A Rip Roaring Romp
Having notched up 13 Wainwrights in stunning, clear, calm weather before the official launch on 2 June on Latrigg, the blustery, wet weather served as a wake up call that this was not going to be easy. And so I spent a week watching the weather wondering if I would be able to get the challenge off with a rip-roaring romp around the Fairfield Horseshoe on the forthcoming weekend or would I be beetling up and down Binsey in half an hour and retreating to the Sun Inn in Bassenthwaite, working out how many years it will take to do all the Wainwrights one at a time?
The stormy weather played ball and passed through on Saturday so we woke up to a warm but cloudy Sunday morning and very out of character for my family the alarm went off at the usual 7am. To be walking out of Ambleside at 10:10am was quite an achievement, not least because the compass fell apart, so trying to teach Bheinn (12yo) how to orientate the map with a compass held together with an elastic band that had seen better days proved an early challenge. Luckily the good weather stayed with us and visibility was 100%, so the orienteering lesson was more in principal than in practice.
The aim of the day was to tick off the 8 fells of the Fairfield Horseshoe (Low Pike, High Pike, Dove Crag, Hart Crag, Fairfield, Great Rigg, Heron Cragg and Nab Scar) bringing my total to 22. A day to breathe in the the views and leave the cares of the day below us behind. I hoped….

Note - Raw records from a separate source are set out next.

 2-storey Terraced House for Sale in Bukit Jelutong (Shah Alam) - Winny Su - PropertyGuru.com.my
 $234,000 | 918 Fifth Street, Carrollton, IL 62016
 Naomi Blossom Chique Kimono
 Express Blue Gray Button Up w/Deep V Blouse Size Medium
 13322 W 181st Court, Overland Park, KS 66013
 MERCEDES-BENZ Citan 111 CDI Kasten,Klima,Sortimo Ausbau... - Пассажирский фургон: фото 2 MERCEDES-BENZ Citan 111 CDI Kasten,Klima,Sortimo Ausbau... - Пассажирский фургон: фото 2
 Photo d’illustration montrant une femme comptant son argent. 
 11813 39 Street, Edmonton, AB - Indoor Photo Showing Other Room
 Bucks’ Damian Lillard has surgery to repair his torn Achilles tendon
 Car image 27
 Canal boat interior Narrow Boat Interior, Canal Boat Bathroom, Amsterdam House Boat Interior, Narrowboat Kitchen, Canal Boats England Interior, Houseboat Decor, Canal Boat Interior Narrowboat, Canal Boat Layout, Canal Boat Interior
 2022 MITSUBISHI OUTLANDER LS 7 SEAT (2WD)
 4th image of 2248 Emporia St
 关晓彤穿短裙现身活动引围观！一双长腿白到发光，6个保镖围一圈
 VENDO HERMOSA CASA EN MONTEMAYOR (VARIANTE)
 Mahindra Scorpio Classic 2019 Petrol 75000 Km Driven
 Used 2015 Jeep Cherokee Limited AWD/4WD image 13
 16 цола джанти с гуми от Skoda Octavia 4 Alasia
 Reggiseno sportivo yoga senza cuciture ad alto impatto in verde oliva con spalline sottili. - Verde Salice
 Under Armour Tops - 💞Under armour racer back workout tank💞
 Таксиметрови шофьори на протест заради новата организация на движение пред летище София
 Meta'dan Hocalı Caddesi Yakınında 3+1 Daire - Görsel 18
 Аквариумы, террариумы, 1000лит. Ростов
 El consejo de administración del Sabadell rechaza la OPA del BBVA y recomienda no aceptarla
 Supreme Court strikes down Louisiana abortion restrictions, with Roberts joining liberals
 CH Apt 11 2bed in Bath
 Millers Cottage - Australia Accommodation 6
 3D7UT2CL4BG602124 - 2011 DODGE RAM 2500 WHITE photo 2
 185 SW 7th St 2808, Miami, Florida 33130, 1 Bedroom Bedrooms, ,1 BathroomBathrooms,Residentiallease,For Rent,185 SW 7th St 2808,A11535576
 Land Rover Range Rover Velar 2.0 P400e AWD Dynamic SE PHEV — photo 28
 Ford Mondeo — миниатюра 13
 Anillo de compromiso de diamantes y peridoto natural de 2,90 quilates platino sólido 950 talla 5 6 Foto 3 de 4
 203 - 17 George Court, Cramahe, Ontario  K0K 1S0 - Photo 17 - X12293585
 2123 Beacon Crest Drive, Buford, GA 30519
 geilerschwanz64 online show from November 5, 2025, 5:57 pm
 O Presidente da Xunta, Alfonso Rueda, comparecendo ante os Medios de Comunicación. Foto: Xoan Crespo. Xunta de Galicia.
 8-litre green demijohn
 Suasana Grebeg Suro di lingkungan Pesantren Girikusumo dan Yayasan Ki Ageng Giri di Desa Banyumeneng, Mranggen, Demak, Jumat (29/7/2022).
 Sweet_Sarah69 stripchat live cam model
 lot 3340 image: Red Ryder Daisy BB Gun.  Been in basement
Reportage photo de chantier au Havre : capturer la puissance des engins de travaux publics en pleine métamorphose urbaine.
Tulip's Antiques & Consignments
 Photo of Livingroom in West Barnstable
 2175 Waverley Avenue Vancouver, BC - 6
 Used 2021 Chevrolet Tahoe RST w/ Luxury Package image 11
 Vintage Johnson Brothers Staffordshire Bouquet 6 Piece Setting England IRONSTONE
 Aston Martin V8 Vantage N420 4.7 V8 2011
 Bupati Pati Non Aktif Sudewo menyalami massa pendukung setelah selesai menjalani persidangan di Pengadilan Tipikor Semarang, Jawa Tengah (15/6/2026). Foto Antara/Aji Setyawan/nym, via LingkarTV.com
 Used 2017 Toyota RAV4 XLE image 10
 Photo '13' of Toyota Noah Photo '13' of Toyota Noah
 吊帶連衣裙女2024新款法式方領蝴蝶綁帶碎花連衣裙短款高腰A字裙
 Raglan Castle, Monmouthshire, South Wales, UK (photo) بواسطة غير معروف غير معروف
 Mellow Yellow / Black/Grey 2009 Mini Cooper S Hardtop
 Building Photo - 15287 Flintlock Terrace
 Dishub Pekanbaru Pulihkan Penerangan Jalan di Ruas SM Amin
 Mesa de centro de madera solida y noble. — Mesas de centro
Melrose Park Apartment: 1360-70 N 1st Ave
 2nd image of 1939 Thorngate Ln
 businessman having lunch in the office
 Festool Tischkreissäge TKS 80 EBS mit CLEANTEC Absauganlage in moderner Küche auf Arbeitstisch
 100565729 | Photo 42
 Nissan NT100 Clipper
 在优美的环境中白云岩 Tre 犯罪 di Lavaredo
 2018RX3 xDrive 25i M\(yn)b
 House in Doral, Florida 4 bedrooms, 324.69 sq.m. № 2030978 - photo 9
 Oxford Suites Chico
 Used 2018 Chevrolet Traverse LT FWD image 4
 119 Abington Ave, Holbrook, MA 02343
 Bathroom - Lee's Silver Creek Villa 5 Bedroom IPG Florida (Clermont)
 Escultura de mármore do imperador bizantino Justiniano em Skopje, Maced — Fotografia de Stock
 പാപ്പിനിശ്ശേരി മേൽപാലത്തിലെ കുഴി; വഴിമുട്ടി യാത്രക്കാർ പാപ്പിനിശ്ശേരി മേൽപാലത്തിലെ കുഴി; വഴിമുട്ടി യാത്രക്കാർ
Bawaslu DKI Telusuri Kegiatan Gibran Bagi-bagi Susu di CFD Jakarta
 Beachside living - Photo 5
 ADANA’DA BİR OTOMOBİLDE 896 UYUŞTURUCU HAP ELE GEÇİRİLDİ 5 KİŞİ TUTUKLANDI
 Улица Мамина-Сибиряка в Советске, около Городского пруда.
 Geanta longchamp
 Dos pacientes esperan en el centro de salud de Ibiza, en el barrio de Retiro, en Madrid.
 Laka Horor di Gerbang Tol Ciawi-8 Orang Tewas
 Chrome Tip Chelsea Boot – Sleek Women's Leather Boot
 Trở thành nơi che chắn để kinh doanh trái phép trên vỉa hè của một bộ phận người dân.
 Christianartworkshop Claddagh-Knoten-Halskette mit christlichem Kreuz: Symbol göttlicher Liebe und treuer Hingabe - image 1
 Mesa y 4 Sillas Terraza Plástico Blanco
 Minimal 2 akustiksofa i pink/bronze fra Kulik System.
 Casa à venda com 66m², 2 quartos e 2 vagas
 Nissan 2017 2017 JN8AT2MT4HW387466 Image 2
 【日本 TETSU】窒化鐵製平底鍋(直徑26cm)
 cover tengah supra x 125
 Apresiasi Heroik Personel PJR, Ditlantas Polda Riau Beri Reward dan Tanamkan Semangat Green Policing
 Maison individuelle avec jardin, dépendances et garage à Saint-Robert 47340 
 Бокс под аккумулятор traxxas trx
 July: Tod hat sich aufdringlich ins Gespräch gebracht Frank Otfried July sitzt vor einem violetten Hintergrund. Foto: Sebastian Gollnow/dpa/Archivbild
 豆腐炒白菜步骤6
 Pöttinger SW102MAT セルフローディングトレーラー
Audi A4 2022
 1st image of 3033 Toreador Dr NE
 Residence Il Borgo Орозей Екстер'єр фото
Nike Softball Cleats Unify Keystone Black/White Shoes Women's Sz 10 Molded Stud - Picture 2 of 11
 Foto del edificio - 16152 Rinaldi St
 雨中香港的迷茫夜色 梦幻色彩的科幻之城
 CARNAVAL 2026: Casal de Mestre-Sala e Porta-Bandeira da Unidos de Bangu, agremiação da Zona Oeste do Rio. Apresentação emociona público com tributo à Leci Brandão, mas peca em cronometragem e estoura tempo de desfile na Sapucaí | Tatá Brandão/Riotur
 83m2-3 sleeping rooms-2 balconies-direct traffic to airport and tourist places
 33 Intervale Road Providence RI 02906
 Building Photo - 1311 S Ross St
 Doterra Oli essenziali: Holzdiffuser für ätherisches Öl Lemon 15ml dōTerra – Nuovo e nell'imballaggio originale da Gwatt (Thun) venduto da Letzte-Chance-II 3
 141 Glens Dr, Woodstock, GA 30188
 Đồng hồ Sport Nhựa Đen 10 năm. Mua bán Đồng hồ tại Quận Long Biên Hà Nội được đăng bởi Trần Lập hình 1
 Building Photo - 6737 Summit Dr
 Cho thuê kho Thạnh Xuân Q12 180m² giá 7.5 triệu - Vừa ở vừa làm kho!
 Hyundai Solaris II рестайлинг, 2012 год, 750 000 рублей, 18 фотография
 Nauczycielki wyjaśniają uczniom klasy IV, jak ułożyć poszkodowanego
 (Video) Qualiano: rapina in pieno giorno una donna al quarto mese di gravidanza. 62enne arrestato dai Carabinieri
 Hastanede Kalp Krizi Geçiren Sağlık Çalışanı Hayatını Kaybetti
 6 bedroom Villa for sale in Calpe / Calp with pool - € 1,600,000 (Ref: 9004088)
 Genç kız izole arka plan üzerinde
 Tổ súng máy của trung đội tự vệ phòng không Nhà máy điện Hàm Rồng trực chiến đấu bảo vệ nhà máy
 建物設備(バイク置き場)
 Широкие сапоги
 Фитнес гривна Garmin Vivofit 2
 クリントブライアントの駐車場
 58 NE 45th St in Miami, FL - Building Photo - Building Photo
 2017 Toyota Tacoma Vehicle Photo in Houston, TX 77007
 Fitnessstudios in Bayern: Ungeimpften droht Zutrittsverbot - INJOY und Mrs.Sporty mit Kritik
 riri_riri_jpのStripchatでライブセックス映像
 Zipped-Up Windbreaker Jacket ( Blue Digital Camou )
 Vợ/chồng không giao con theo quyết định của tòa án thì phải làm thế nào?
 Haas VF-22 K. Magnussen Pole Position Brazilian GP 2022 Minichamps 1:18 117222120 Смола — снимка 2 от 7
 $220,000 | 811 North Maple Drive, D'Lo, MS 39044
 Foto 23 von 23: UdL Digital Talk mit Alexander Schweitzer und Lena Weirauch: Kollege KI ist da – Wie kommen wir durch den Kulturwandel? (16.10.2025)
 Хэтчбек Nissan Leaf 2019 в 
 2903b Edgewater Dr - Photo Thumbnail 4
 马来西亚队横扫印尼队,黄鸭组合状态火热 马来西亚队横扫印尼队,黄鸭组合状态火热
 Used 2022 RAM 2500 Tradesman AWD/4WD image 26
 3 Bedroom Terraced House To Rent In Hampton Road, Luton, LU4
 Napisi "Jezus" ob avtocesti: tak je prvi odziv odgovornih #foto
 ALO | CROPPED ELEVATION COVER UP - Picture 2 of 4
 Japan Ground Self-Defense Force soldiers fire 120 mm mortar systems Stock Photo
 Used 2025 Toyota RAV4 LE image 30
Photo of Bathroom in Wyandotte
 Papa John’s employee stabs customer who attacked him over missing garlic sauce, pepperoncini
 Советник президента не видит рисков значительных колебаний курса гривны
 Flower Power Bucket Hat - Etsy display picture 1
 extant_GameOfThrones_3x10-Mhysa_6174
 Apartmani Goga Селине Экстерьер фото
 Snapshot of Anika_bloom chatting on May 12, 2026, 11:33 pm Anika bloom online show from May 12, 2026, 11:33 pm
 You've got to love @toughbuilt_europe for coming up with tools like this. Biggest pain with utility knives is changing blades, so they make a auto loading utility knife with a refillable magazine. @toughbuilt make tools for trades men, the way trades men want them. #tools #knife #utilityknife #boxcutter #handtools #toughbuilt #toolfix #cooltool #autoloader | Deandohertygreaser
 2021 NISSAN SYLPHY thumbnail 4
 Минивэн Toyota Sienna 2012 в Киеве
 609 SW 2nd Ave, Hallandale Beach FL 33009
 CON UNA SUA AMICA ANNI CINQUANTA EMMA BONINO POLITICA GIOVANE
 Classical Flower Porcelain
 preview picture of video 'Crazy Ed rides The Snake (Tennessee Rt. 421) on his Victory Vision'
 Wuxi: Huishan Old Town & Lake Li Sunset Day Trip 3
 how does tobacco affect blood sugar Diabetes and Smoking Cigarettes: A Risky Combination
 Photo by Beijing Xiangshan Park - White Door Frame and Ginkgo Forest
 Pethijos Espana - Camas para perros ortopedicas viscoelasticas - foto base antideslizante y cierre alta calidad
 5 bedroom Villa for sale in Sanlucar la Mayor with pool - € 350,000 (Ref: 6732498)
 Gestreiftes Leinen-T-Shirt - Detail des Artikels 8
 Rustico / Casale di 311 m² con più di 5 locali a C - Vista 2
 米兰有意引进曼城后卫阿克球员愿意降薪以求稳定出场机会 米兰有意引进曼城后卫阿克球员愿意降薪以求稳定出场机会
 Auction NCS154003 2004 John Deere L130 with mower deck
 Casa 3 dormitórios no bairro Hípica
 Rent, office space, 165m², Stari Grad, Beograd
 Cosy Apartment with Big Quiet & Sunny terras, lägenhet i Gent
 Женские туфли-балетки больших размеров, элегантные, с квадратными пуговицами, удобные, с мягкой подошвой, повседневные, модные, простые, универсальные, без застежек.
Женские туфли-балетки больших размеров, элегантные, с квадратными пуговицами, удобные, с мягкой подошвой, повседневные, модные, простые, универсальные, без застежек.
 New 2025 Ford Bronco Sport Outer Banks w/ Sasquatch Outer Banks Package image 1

As we rose between Low Pike and High Pike I could hear a gaggle of voices behind me. I looked around to see one man and wondered why I could not see the group following up behind. We walked on and as he approached the noise of the crowd grew louder. I was shocked, when he passed, that he was alone apart from the millions of people listening, on the same wavelength, to the Cricket World Cup being broadcast to the world from the back of his rucksack. My jaw dropped and as I exclaimed “Why? the broadcaster co-incidentally cried out to the open fell…“the question is why?” So as I puffed to the top of High Pike, and the chatter of the radio disappeared into the wind I was ruminating on the word WHY. Why would somebody be so selfish as to bring the noise we come to escape into our little piece of heaven? Why would they think it is in the least bit acceptable to broadcast this to everybody? Why would he dare to ruin my day? Why do we come onto the fells? Why do I think my interpretation of use of the Fells is superior to anybody else’s?
The Question is Why
I know I walk in the fells to leave the cares of the world at ground level, for fitness, for self-fulfillment and achievement, to catch the wind, to catch the sun, to see the grandeur of the world to remind me of my small place among its majesty and to be among like-minded people, in short, to belong.
Being confronted by this disturbance from the real world had touched on insulting the senses of escaping in order to belong to something superior, but I had to ask myself was I not doing something similar? Was my spinning wheel challenge not bringing the everyday into the world of the escape room?
One of the problems I had with deciding to embark on this charity event is that I do not like asking people to sponsor me. I have always believed that the main reason to achieve something is for your own betterment and self development. Also, having notched up the best part of 100 marathons, and various ultras in the past, I find it difficult to convince anybody that I am doing anything extraordinary or challenging enough to warrant sponsorship. I also do not like to disturb other people’s enjoyment. I think that just because I love doing something it does not have to be of interest to anybody else (perhaps I am too self contained for my own good). I debated if just seeing me with a spinning wheel might destroy the seclusion. or that I might be responsible for interrupting somebody else’s walk with a reminder of everyday life they have left behind by my request for charitable donation, even if that is only implied by my being there, I might ruin somebody else’s day. Could my actions be just as imposing on somebody else’s day as the noise from a radio?
When I put the question to my son as to why he likes to walk in the mountains he cleared up the dilemma
his list was :
Because it gets me away from my computer games.
It stops you nagging me to get away from my computer games.
Because it stops me getting unfit and fat.
Because it’s nice.
“What is nice about it?” I asked, “what feelings does it give you to describe that nice feeling?”
I feel healthy and I can eat lots of biscuits.
It’s nice when I get back to my computer games!
In a nutshell we head out into the hills to get away from it all so we appreciate what we have more fully when we return.
So I hope my challenge is extraordinary and challenging enough to lift it from the everyday and not cause anybody’s enjoyment to be disturbed and that my own enjoyment of spinning will be affected by taking it with me into place we go to escape?